Complexo IV – citocromo c oxidase
O último dos elementos da cadeia respiratória que bombeiam prótons para
o espaço intermembranar. A citocromo C oxidase recebe um elétron de cada
uma das moléculas de citocromo C e transfere-as para o oxigênio, convertendo
este em duas moléculas de água.
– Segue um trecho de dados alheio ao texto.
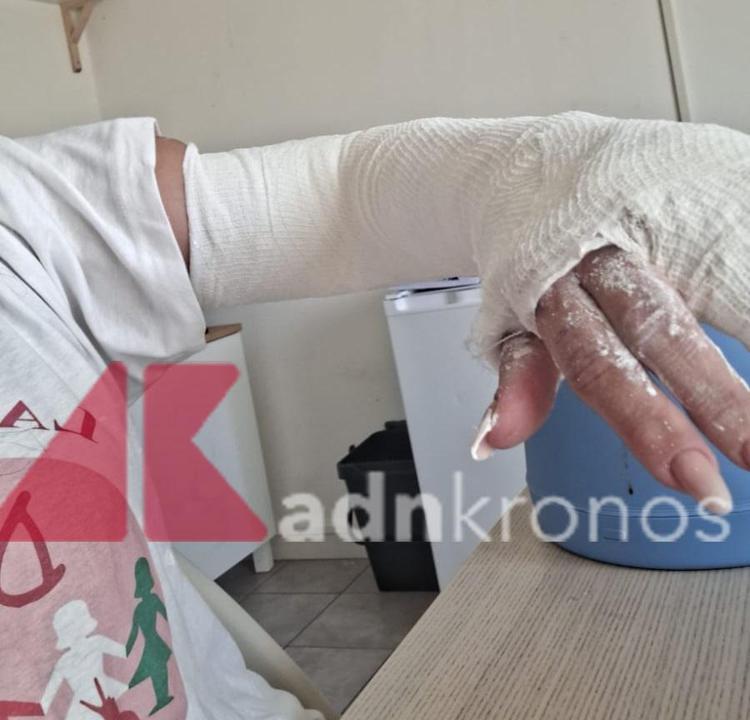 Maricetta Tirrito, la volontaria aggredita oggi a Tor Bella Monaca, mostra il braccio fratturato - Adnkronos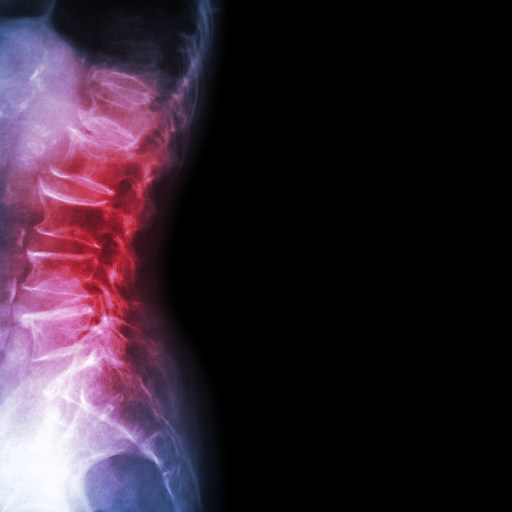 chronic back pain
Nesse processo, acontece a translocação de
quatro prótons, que atuam na composição do potencial quimiosmótico, o qual
é usado pela ATP sintase para a formação de ATP. A necessidade do oxigênio
como aceptor final de elétrons para a cadeia respiratória é o que torna essa
reação aeróbia (ver Figura 11) (PINTO, 2017).
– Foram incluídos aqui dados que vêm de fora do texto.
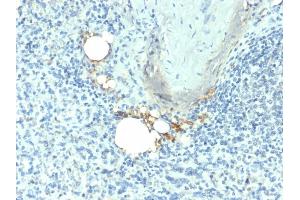 Formalin-fixed, paraffin-embedded human Spleen stained with TRAcP Mouse Monoclonal Antibody (ACP5/1070). (ACP5 antibody)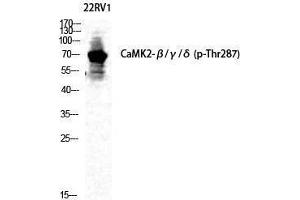 Western Blotting (WB) image for anti-CaMKIIbeta/gamma/delta (pThr287) antibody (ABIN3182661) (CaMKIIbeta/gamma/delta Antikörper  (pThr287))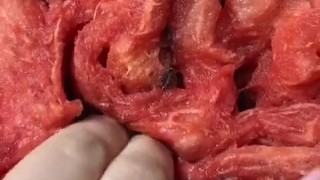 Fisting a Watermelon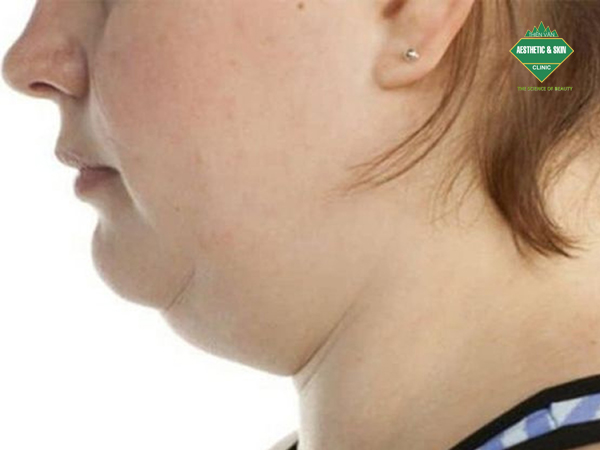 Đối tượng nên thon gọn nọng, cổ với Doulift sequential BV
Figura 17: Panorama do fluxo de elétrons pelos quatro complexos da cadeia respiratória
Fonte: Voet e Voet (2013, p. 855).
22
Saiba mais
Para uma abordagem completa sobre a respiração celular, veja o
link: [Link]
A Fosforilação Oxidativa
As transferências de elétrons de um componente da cadeia de transporte de elétrons
para o seguinte constituem reações de oxidação-redução termodinamicamente
favoráveis. A síntese de ATP ou fosforilação oxidativa (de “fosforilação de ADP à
custa da oxidação de coenzimas”), que é endergônica, é acoplada a essas reações de
oxidação-redução (MARZZOCO; TORRES, 2018). O propósito da cadeia respiratória
é acumular prótons no espaço intermembranar, obtidos por meio do transporte de
elétrons pelos complexos que compõem a cadeia respiratória. Os prótons acumulados
formam a força próton motriz. O ATP é sintetizado quando esses prótons fluem do
espaço intermembranar de volta para a matriz mitocondrial por meio de um poro na
ATP sintase – um grande complexo proteico ancorado na membrana mitocondrial
interna. Desse modo, o gradiente de prótons formado no espaço intermembranar
acopla o transporte de elétrons à síntese de ATP. A concentração protônica no
espaço intermembranar pode ser separada em dois componentes: um químico e
outro elétrico. O componente químico pode ser entendido como um gradiente de
pH, enquanto o componente elétrico, como um gradiente de cargas elétricas (cargas
positivas) presentes no hidrogênio (H+), criando uma assimetria de cargas elétricas
na matriz mitocondrial e no espaço intermembranar (PINTO, 2017).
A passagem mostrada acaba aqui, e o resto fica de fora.